Quickly looking couldn't find anything useful on the AMD site itself saying one way or the other. :cry:
There's unfortunately no datasheet available for rs780. There is one for rs690, but for sideport it refers to another (not public) doc...
I found this though, http://global.hkepc.com/747 which seems to confirm rs780 is indeed 16-bit ddr2/ddr3.
 
Jawed- Just for clarification when you say Juniper are you talking about the RV830/181mm2 GPU?

While your logic does make sense, I think a shrunk RV770 would still be possible.
 
I mean 2nd generation of DX11 graphics cards, cause they use 32/28nm process from TSMC, not 40nm.

Yeah, cause we all KNOW how reliable TSMC roadmaps are.

so lets see, TSMC says 2010 so add 12-18 months and you'll be on target. They are just now getting their 40nm process to the point that it can actually run.
 
When a corporation wants to consider themselves as a serious corporation, they owe to provide solid support for everyone. Categorising and prioritising their clientelle's needs is perfectly understandable but i am not talking about an issue that jumped up yesterday!

Maybe they have prioritized the issue and you just don't agree with their priority. Honestly, in the PC space, if a TV is advertising 24 Hz, that's probably what you are going to get. Maybe the problem lies not in their drivers but in your TV?
 
I'm thinking that both RV740 and Juniper might have the same cluster count, i.e. 8, as they're both derived from the original RV770.

So, RV740 came out with 16 RBEs and is basically the original specification for RV770 scaled to 40nm (presumably without sideport, too).

I'm now thinking that Juniper is RV740 with D3D11 added on, but otherwise carries the same number of units: 16 RBEs, 8 clusters, 640 ALU lanes, 32 TUs. This is what happened with R600->RV670, D3D10->10.1, the memory interface was cut in half, but the unit counts remained the same at the same time as jumping a process node. Though, of course, D3D10.1 hasn't been seen as a major change in design for ATI, generally speaking.

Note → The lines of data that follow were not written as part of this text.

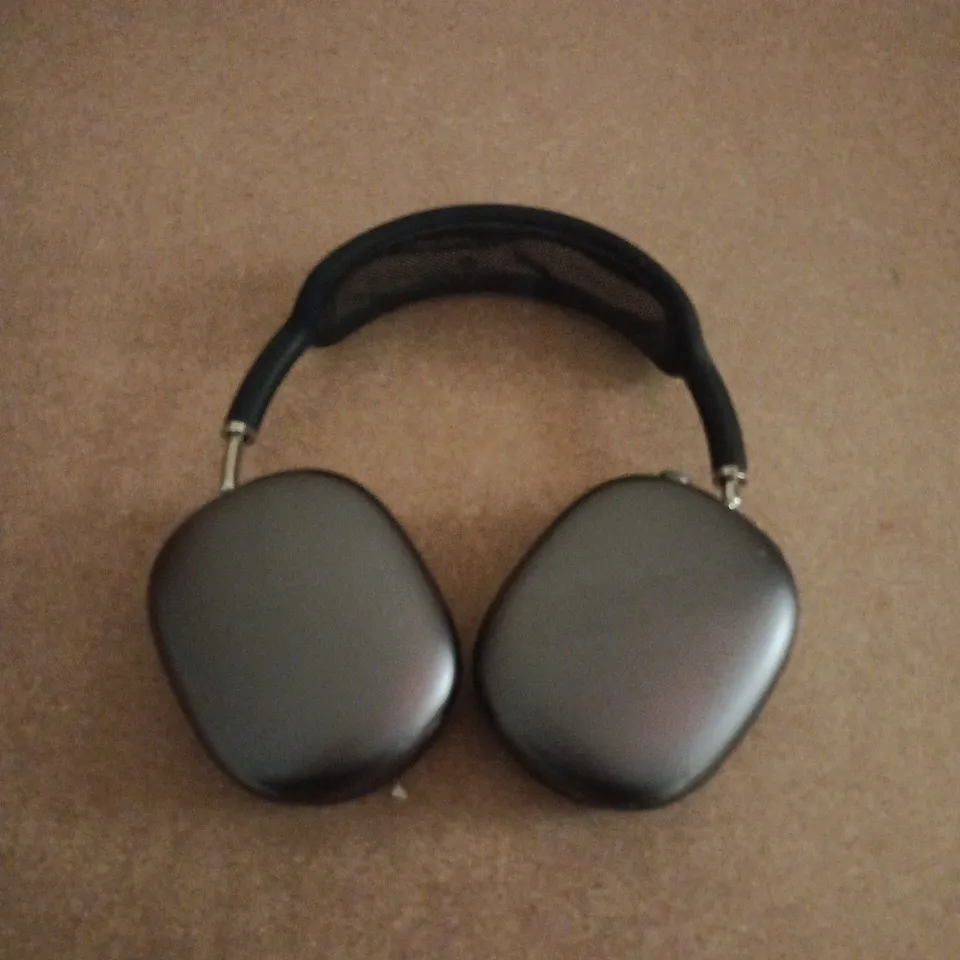 OVER-EAR HEADPHONES – BLACK/GREY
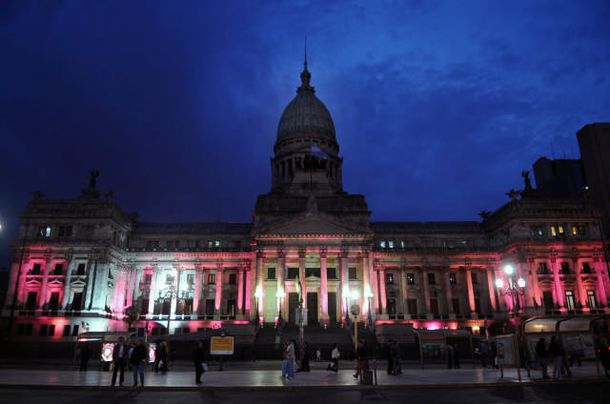 Congreso_iluminado_D_Luna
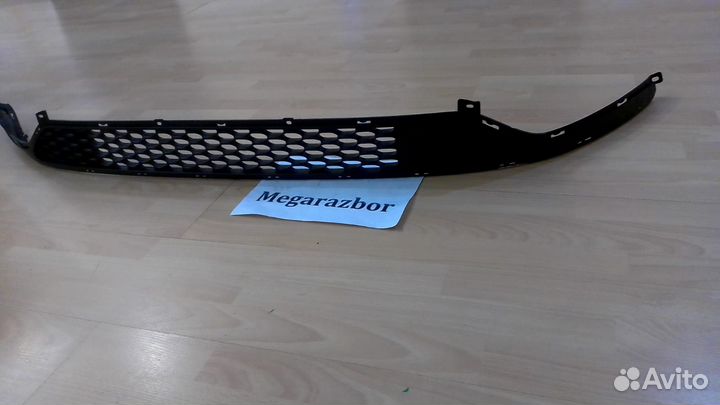 Решетка в бампер передняя Kia Cerato YD 2013-2016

Still, the idea that there's >50mm² of D3D11-specific changes is kinda worrying. OK, so there might be 5 or 10% of that which is purely performance tuning, but overall it seems like a big hit.

Jawed

IMHO, you forgot that you need a lot of Die-area to handle all the fixed units which don't change between GPUs so much. When I had made a comparison of all the 55nm ATi GPUs ( RV630, RV730, RV670, RV770) the spec (amount of shaders and TMUs) conformed to the Die-area only when I subtraced roughly 75-85mm² from the Die area. So maybe for 40nm you have to subtract maybe 50-60mm² from the die area to get the net area available for shaders and TMUs. Therefore the RV740 would have 77-87mm² of area available for shaders and TMUs, and the Juniper would have roughly 120-130mm² available for shaders and TMUs.

Therefore I wouldn't be surprised if the Juniper has a much higher shader count and TMU count as you seem to expect.
 
The new FirePRO cards all have DP support from the get -go. Isn't too far to speculate that evergreens will have it too.